Abstract

This paper focuses on the optimal design of an active debris removal mission. A cluster of debris orbiting in sun-synchronous orbit is considered. A numerical score is associated with each debris on the basis of its level of threat. The mission goal is to maximize the cumulative score of the removed debris, while meeting operational constraints on both the total mission ΔV and time. The optimization problem, that is equivalent to a Time-Dependent Orienteering Problem, is formulated in the paper as a search problem on a graph and solved by A*, an optimal tree search algorithm. Three admissible heuristics for enhancing A* performance on the ADR mission design problem are derived in the paper as the exact solutions of relaxed versions of the original combinatorial problem. Their effectiveness is assessed on missions of increasing dimension and complexity, and compared with that of a commercial branch-and-bound solver on an original 0–1 integer linear programming formulation of the problem.
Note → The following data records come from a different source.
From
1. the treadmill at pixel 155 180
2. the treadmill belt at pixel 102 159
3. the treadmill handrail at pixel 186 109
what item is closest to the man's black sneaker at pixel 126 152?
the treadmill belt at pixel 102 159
A fast-computation near-optimal transfer strategy, which cleverly exploits the J2 perturbation to achieve the correct alignment between the orbital planes, is used to pre-calculate the ΔV spent by the spacecraft to move between any pair of debris on a discrete grid of departure/arrival epochs. Numerical results are presented for a 21-debris cluster, by analyzing the effect of the debris score distribution, of the total mission time, and of the maximum transfer duration on the computational time required by the different algorithms to optimally solve the problem.